_Aim of the exercise_
All records below must be reproduced exactly, although any pictures they contain are to be omitted.

_Data listing_
....

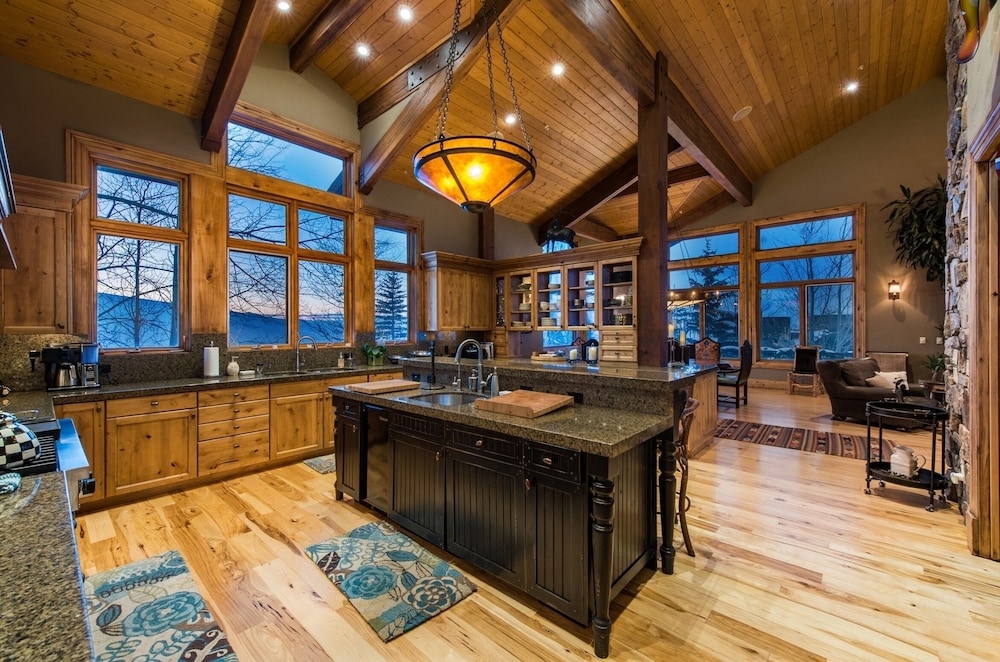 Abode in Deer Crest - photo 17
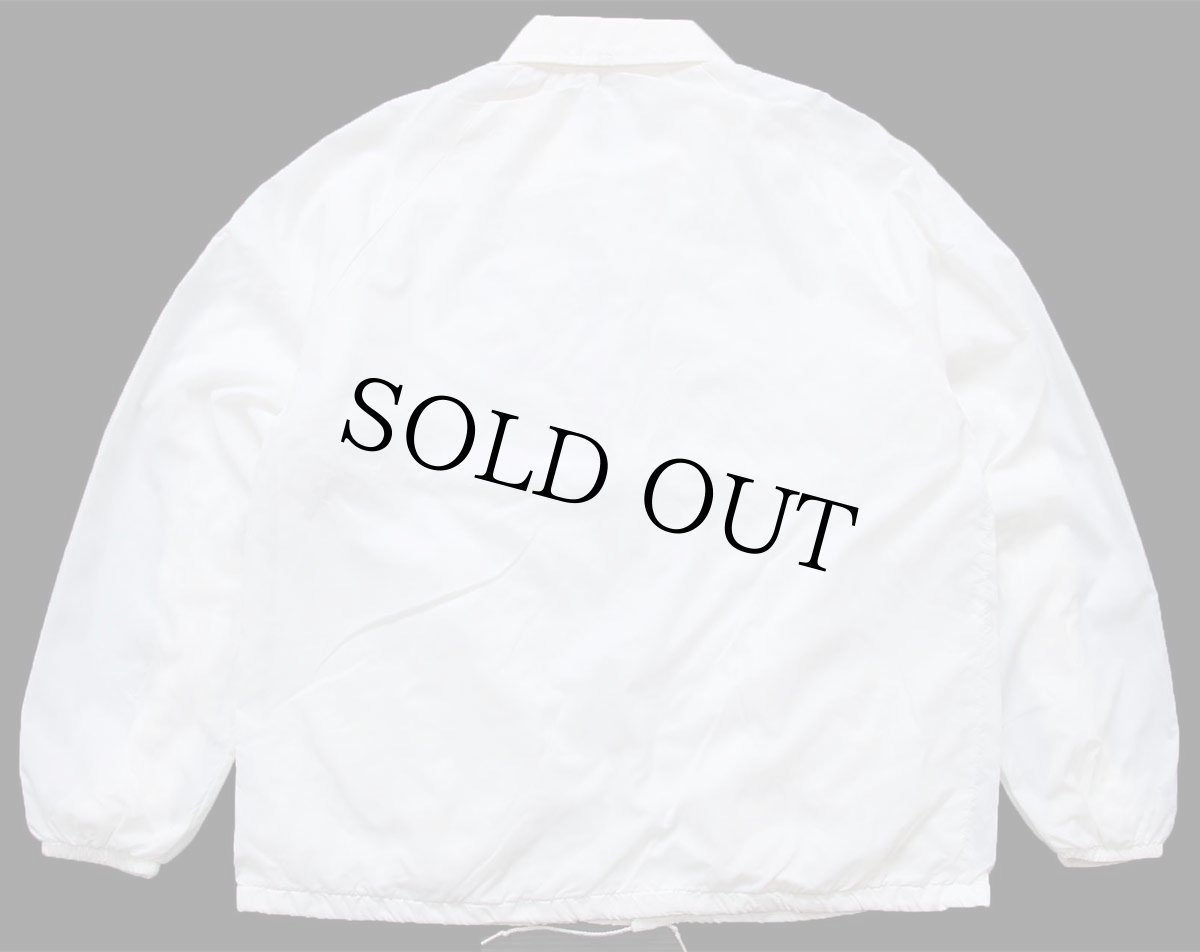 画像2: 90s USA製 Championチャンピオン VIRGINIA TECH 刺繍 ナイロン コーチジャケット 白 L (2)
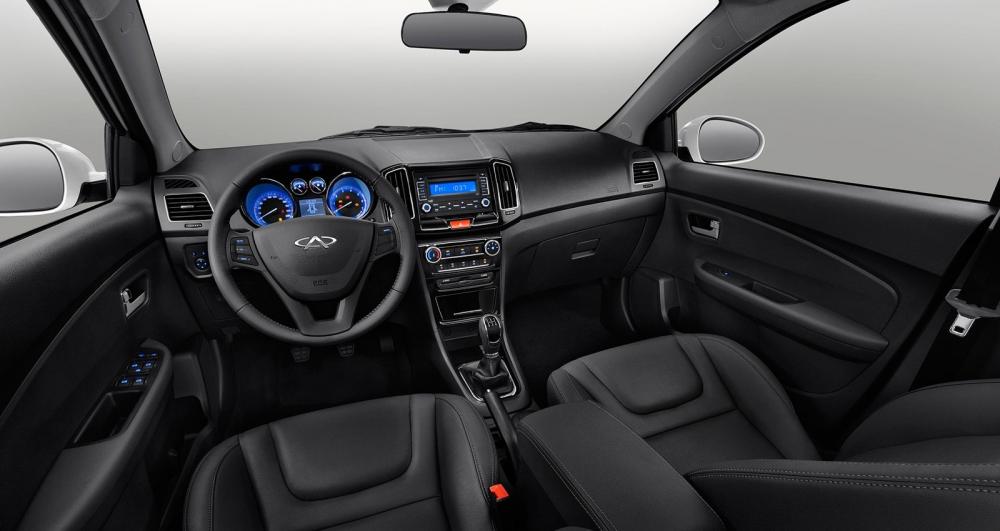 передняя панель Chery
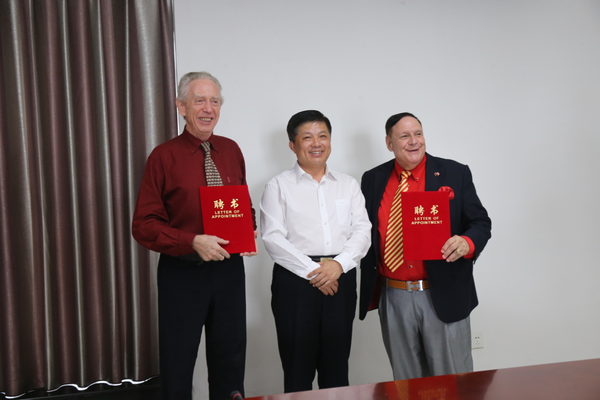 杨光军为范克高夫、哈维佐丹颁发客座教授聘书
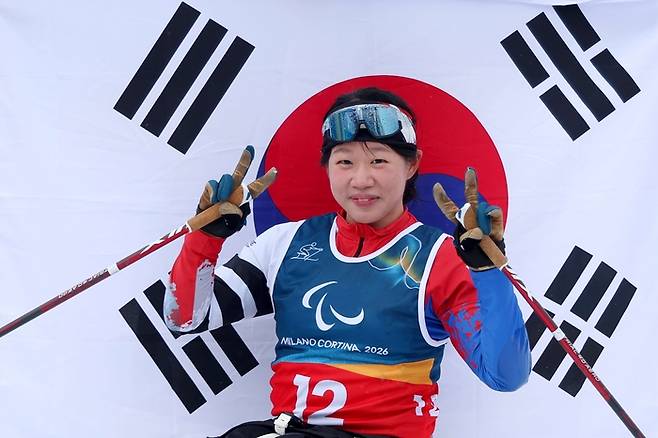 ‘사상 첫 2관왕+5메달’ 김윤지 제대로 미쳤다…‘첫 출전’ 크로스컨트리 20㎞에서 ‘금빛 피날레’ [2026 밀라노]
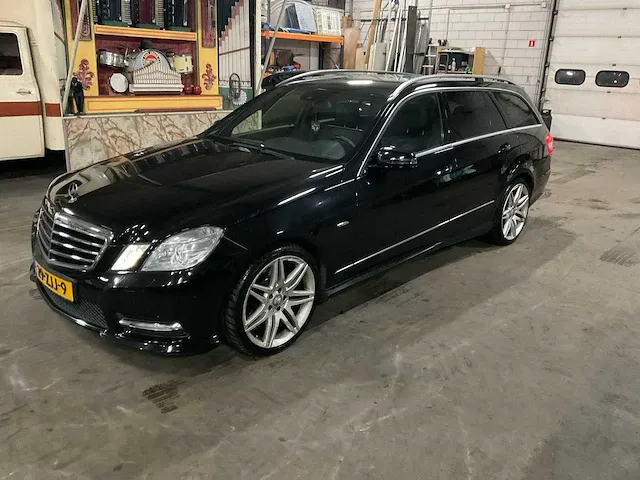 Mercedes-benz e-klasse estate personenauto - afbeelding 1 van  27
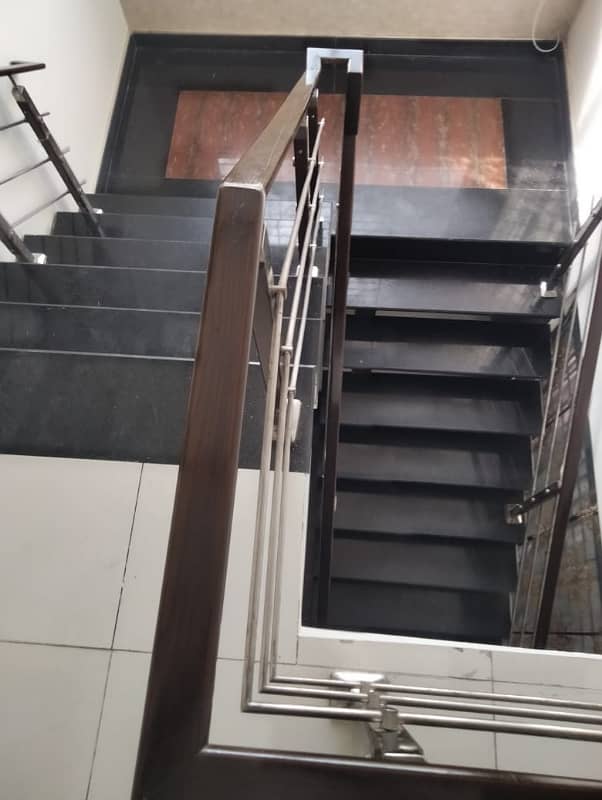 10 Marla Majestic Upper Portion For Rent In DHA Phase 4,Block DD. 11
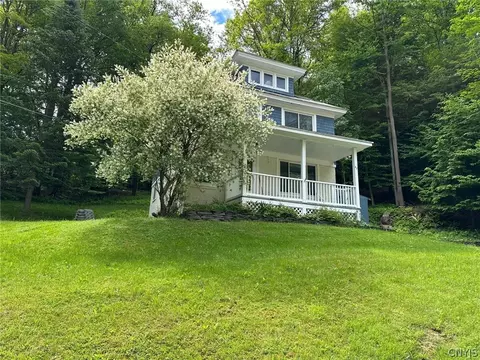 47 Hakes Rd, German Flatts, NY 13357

....

_Response to this exercise_
 Abode in Deer Crest - photo 17
 画像2: 90s USA製 Championチャンピオン VIRGINIA TECH 刺繍 ナイロン コーチジャケット 白 L (2)
 передняя панель Chery
 杨光军为范克高夫、哈维佐丹颁发客座教授聘书
 ‘사상 첫 2관왕+5메달’ 김윤지 제대로 미쳤다…‘첫 출전’ 크로스컨트리 20㎞에서 ‘금빛 피날레’ [2026 밀라노]
 Mercedes-benz e-klasse estate personenauto - afbeelding 1 van  27
 10 Marla Majestic Upper Portion For Rent In DHA Phase 4,Block DD. 11
 47 Hakes Rd, German Flatts, NY 13357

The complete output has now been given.